4th Deputy Governor of North-Carolina
- In office 1705–1706
- Preceded by: Robert Daniell
- Succeeded by: William Glover (Acting)
- In office 1708–1711
- Preceded by: William Glover (Acting)
- Succeeded by: Edward Hyde (as Governor of North-Carolina)

Personal details
- Born: Buckinghamshire, England
- Died: c. 1718 Bath County, North-Carolina

= Thomas Cary (North Carolina politician) =

American colonial governor

Thomas Cary served as the fourth and last Deputy Governor of North-Carolina. He is best known for his role in the revolt known as Cary's Rebellion, between 1708 and 1711, in which he usurped power from then–Deputy Governor William Glover, driving Glover from the province.

== Biography ==
Thomas Cary was born in Buckinghamshire, England, to Walter Cary and Ann Dobson. Eventually, Cary moved to South Carolina, where he became a prominent "merchant and shipowner". In 1707, Cary joined the South Carolina assembly as the representative and speaker. The same year, he also was appointed governor of South Carolina until he was replaced by William Glover. However, he regained the government of the province in October 1708 thanks to support from dissenters. Cary abolished the laws of Glover and replaced officials suspected of being disloyal to the dissidents. He prompted the immigration of new settlers through the reformation of land grant policy. He ended his term in 1711.

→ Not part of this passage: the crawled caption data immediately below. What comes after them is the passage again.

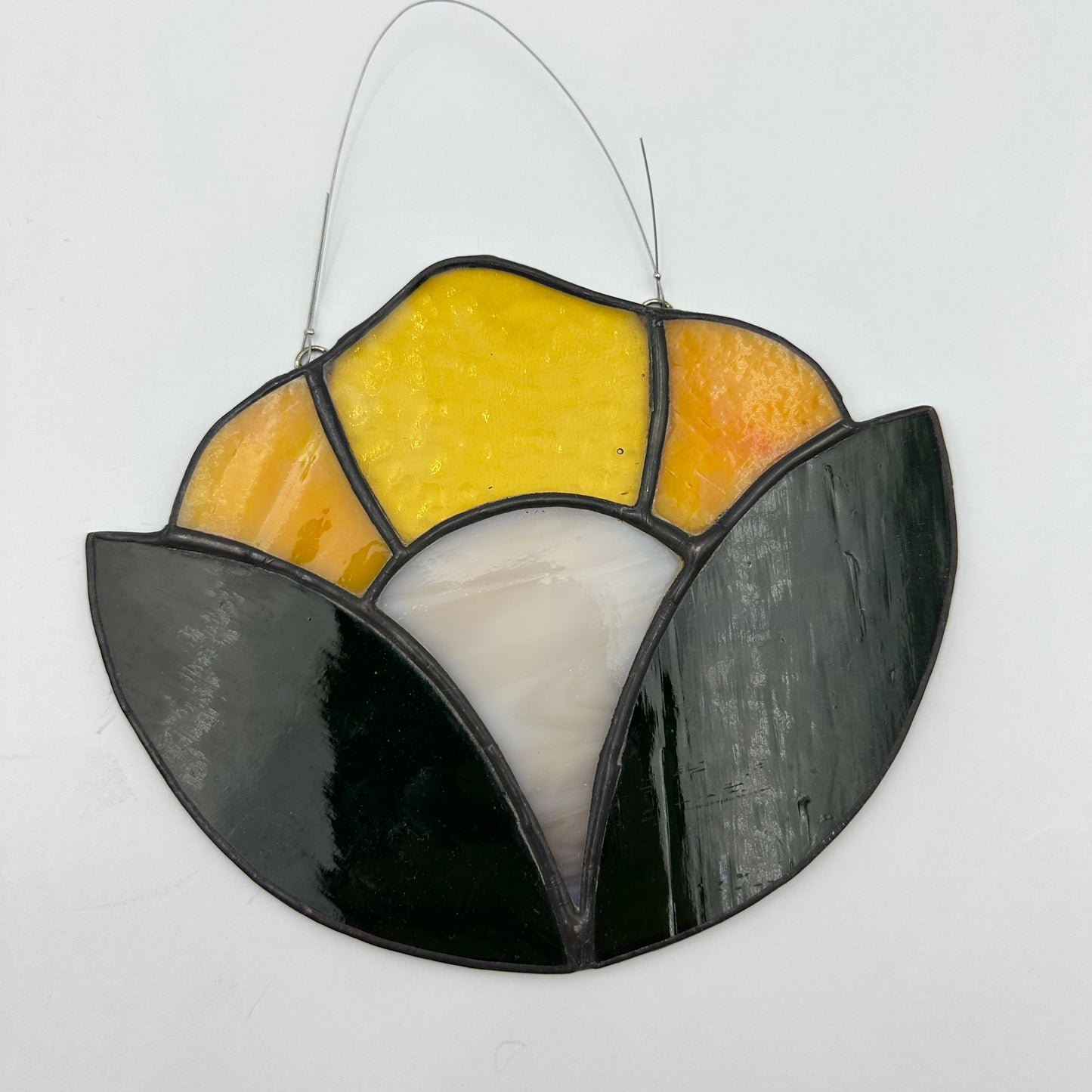 Stained glass panel with yellow, orange, and white sections on a white background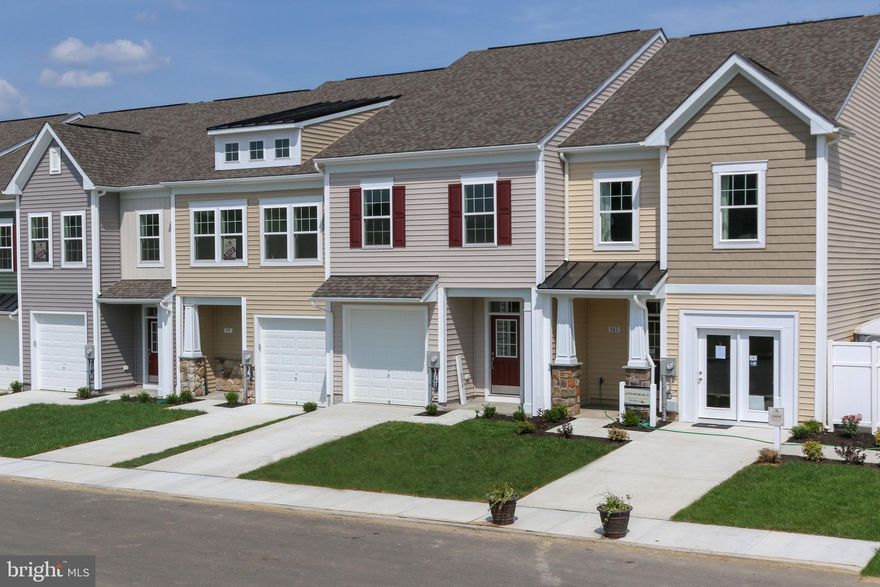 Ready for Fall Move-In. Welcome home to the Litchfield II Plan Townhome. The Litchfield II 3B, 2.5BA. features 2x6 construction, one car garage! Beautiful upgrades such as upgraded kitchen cabinets, Quartz countertops, hardwood flooring first , boxed oak stairs, alternate floorplan, full unfinished walkout basement, and so much more!!! McCauley Crossing features a quaint S. Berkeley location. Minutes to I-81,11 miles from downtown Winchester,12 miles to Hollywood Casino & 24 miles to Loudoun County. Call today to schedule your sneak peak today!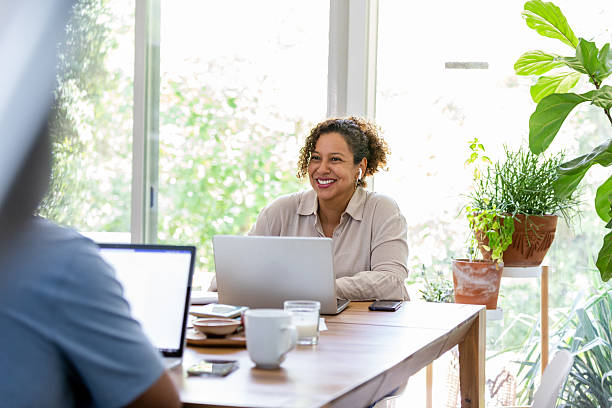 istock Diverse group of people collaborating and working remotely on laptops indoors, natural light. 2238138927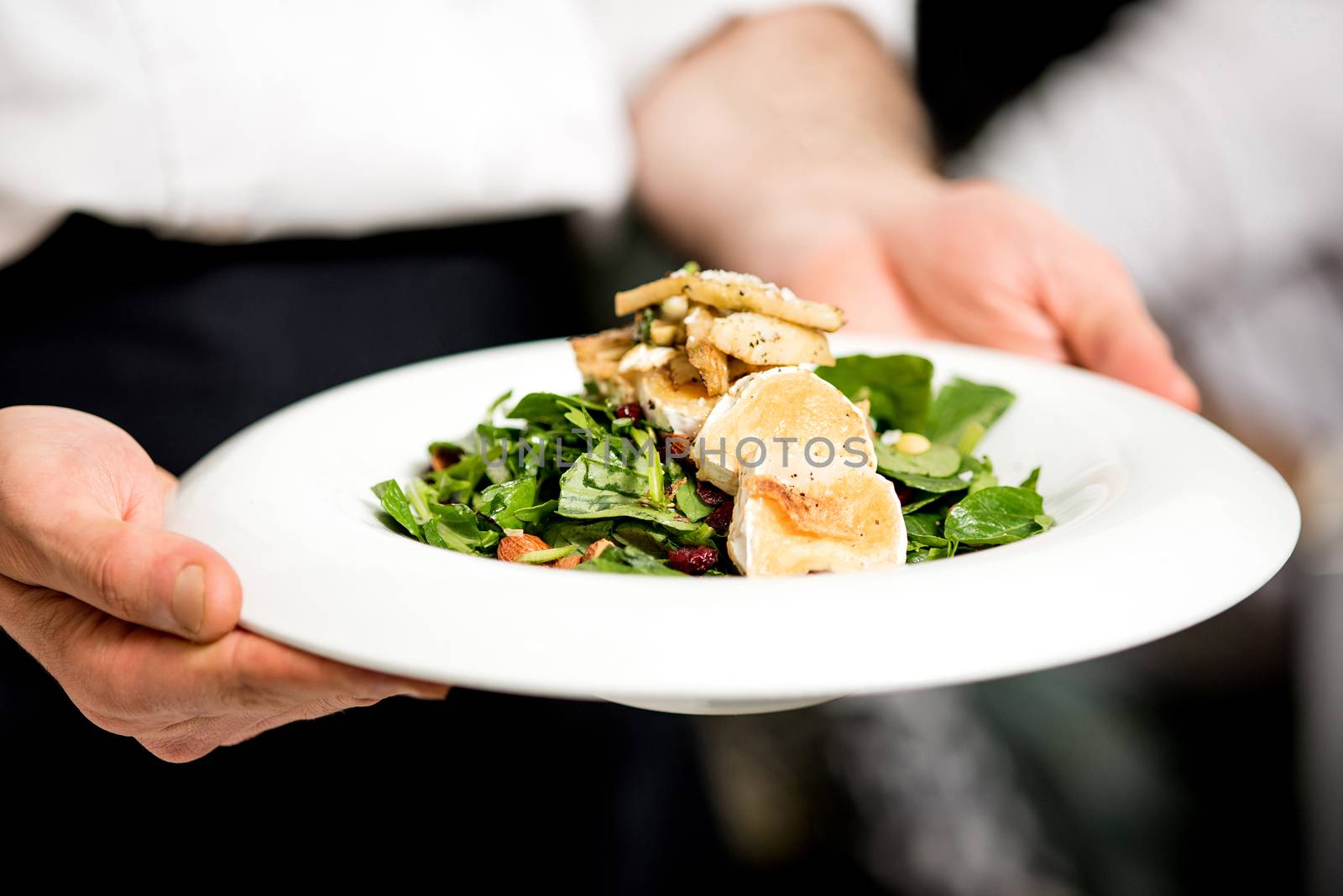 Your salad is ready sir.  by stockyimages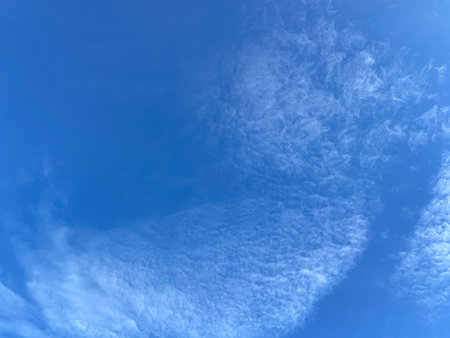 Blue sky background with tiny clouds. White fluffy clouds in the blue sky.の写真素材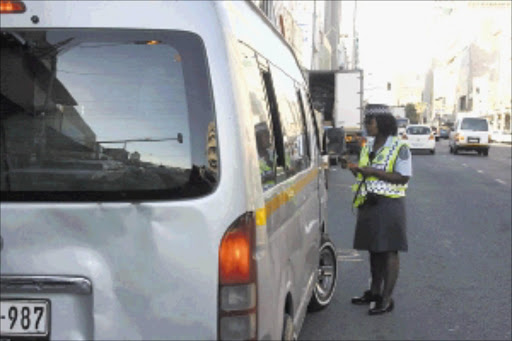 THE MINIBUS STOPS HERE: A minibus taxi operator is stopped by a Durban Metro Police officer on West Street in the city centre. Pic: Thuli Dlamini. © Sowetan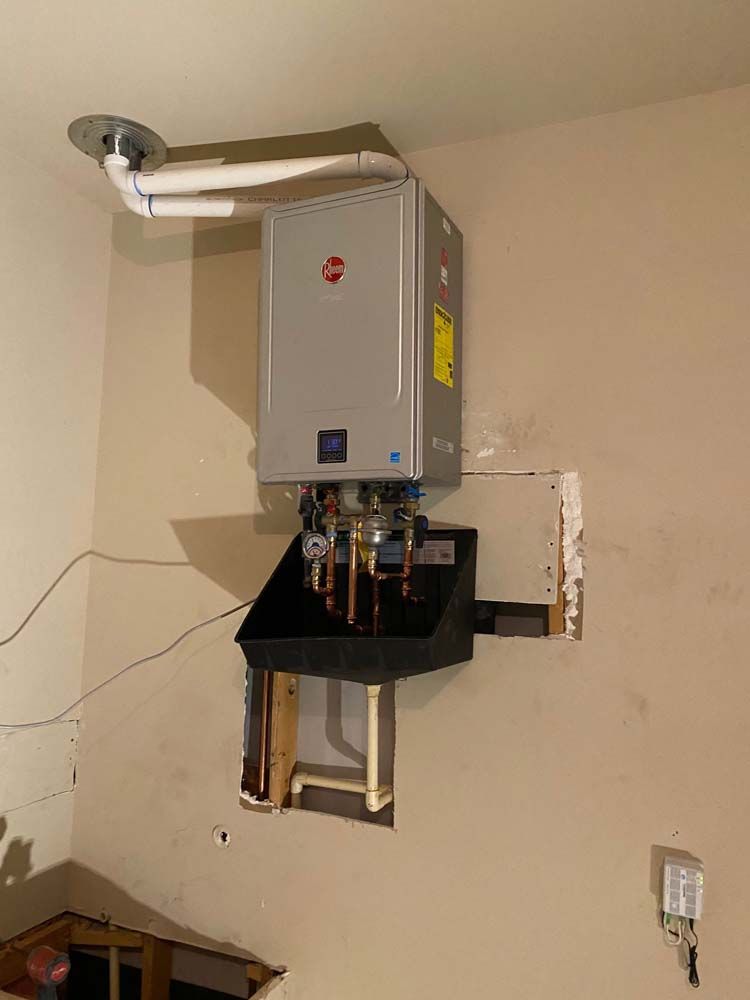 A water heater is hanging from the ceiling in a room.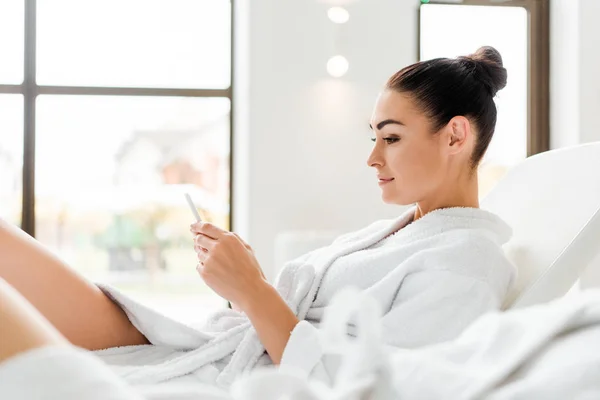 Side view of smiling young woman in bathrobe using smartphone while resting in spa — Stock Photo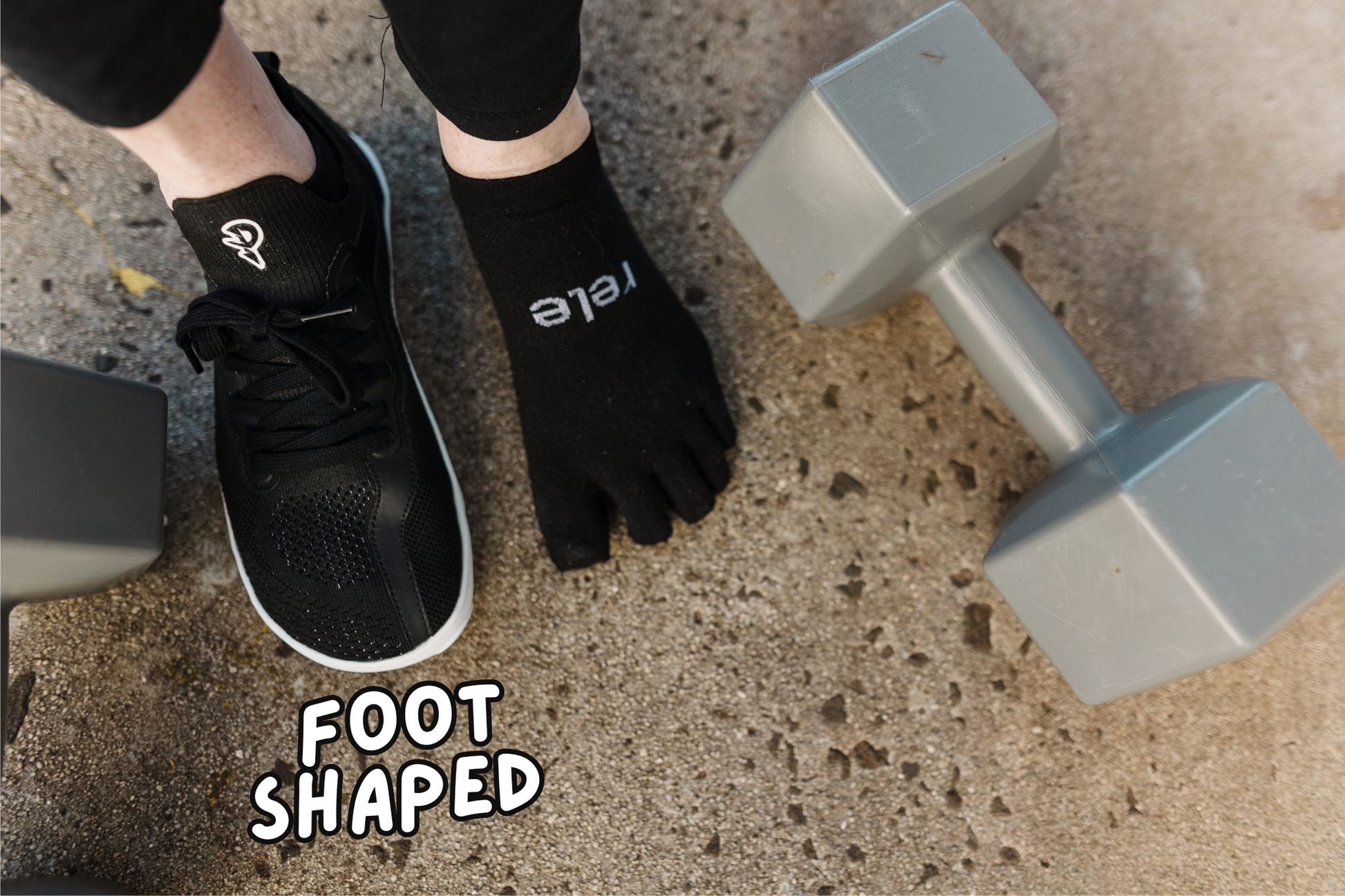 Person wearing black toe socks with PaperKrane foot-shaped shoes on a concrete surface with dumbbells.
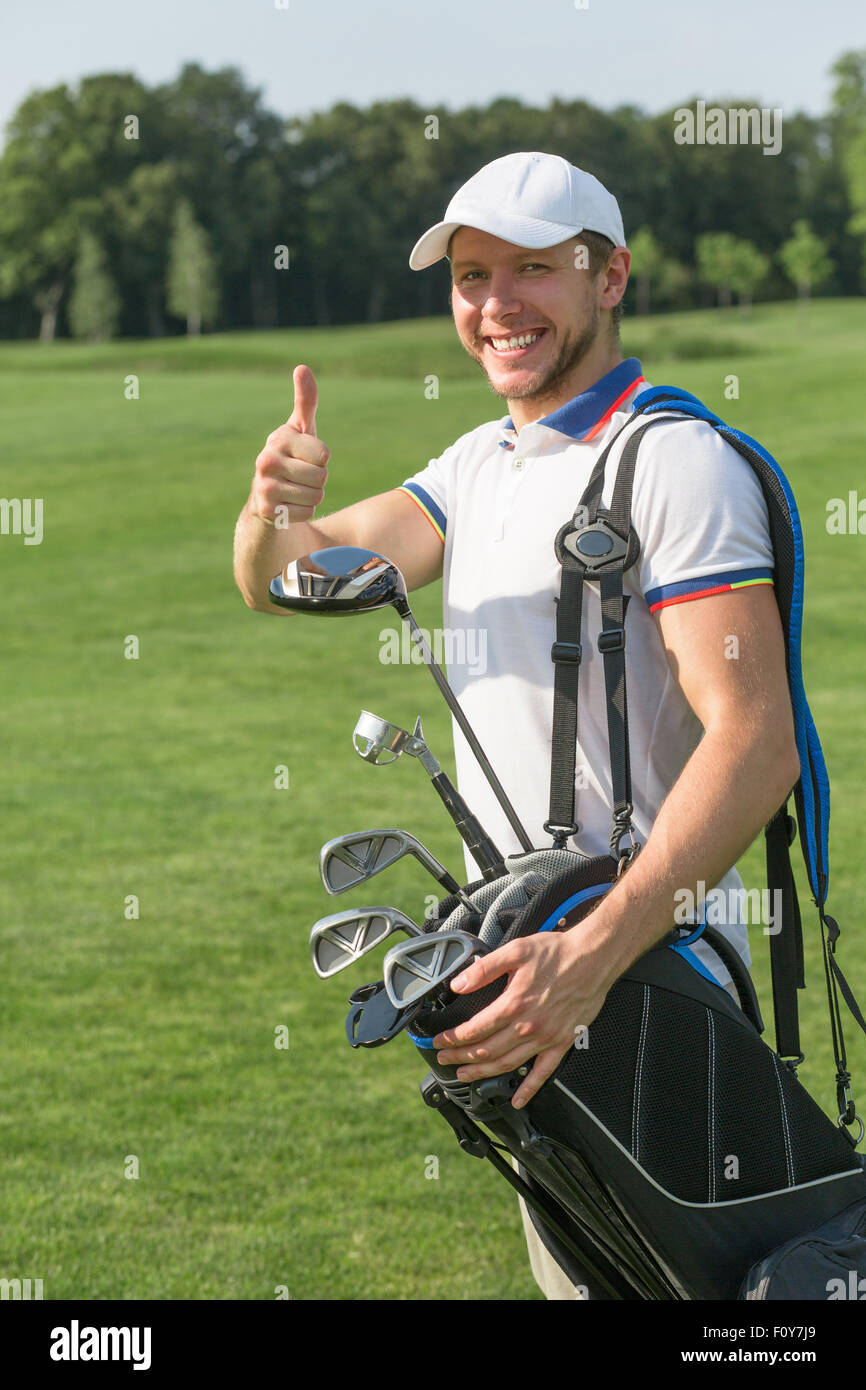 Golfer showing okay sign and smiling for the camera. Man in white trucker hat giving thumb-up and holding bag with golf drivers. Stock Photo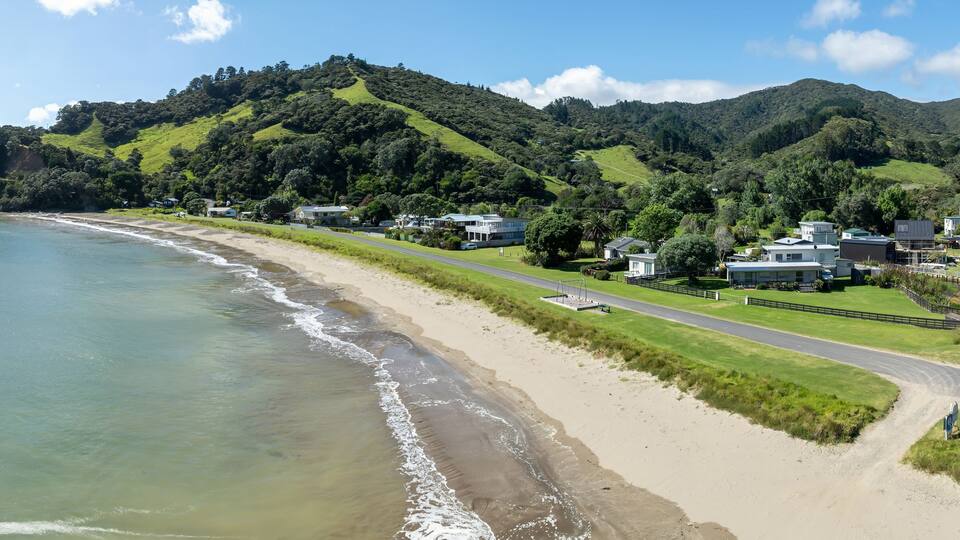 A coastal landscape with a sandy beach, a road, and houses on a hillside.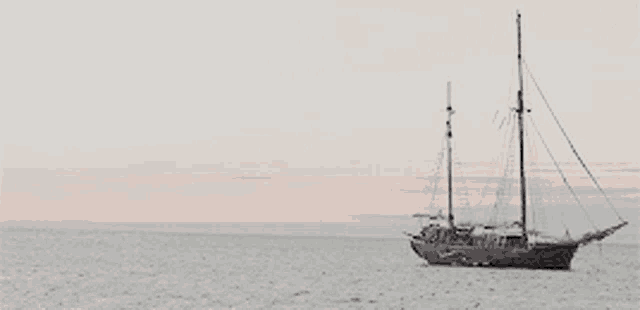 a sailboat is in the middle of the ocean at sunset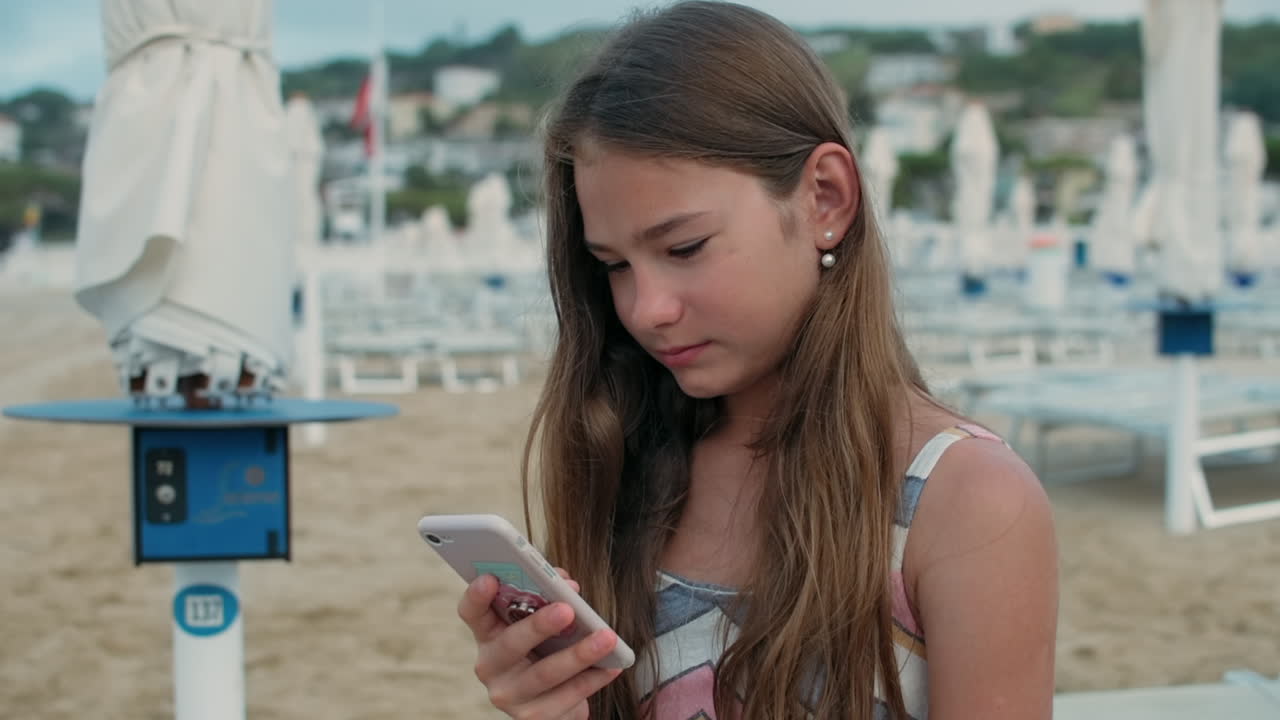 mujer feliz pasando el tiempo en la playa. niña leyendo un mensaje en su teléfono inteligente.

In this year, when Edward Hyde was appointed the first Governor of the Province of North-Carolina (albeit before the Province's official separation from the Province of South Carolina), Cary put up resistance to Hyde's new authority, thus causing a revolt in the colony. Cary was eventually defeated and captured in Virginia, and Hyde took office as he had planned. In 1711, Virginia Governor Alexander Spotswood sent Cary and his supporters to London to subject them to trial. Cary was released in 1712 without suffering any punishment, "likely due to a lack of clear evidence". In 1713, Cary returned to North Carolina, living in Bath County until his death in July 1718.